Vermutlich auch im Zusammenhang mit der bevorstehenden Inbetriebnahme der Nebenbahn nach Bitterfeld kauften die Preußischen Staatseisenbahnen zwischen 1896 und 1897 ein neben dem Bahnhof befindliches 1,6488  Hektar großes Grundstück für 19.143 Mark und errichtete hier ein neues Bahnhofsgebäude.
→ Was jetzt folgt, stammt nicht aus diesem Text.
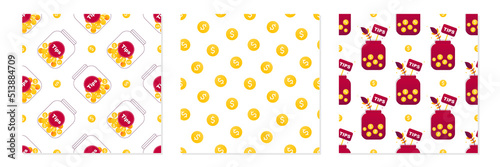 Set, collection of three vector seamless pattern backgrounds with tips jars and golden coins for money, business design.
Im Jahre 1899 erhielt Stumsdorf für den örtlichen Ladungsverkehr einen Güterschuppen, der auf einer zuvor für 5.630 Mark erworbenen und 0,4878 Hektar großen Fläche entstand. Für die nunmehr dringend notwendige Erweiterung der Gleisanlagen und der Sicherungstechnik wurden außerdem 59.000 Mark zur Verfügung gestellt. Eingerichtet wurden unter anderem zwei weitere Bahnsteiggleise. Um 1900 waren auf dem Bahnhof neben einem Vorsteher ein Assistent, zwei Diätere, ein Stationsgehilfe, ein Hilfslademeister und ein Bahnhilfsarbeiter beschäftigt.

Ende des 19. Jahrhunderts reichte der Bahnhofsvorplatz nicht mehr aus, um von Gespannen genutzt werden zu können. Somit mussten die auf ein Fuhrwerk wartenden Fahrgäste fast immer "auf der schmutzigen Dorfstraße" stehen. Am 1. April 1903 erwarben die Preußischen Staatseisenbahnen in Stumsdorf ein 0,22 Hektar großes Grundstück für 2.262 Mark. Es ist anzunehmen, das auf dieser Fläche der Bahnhofsvorplatz entstand. Um die Bildung und Auflösung von Güterzügen zu erleichtern, erhielt Stumsdorf noch im gleichen Jahr einen sogenannten Rangierberg.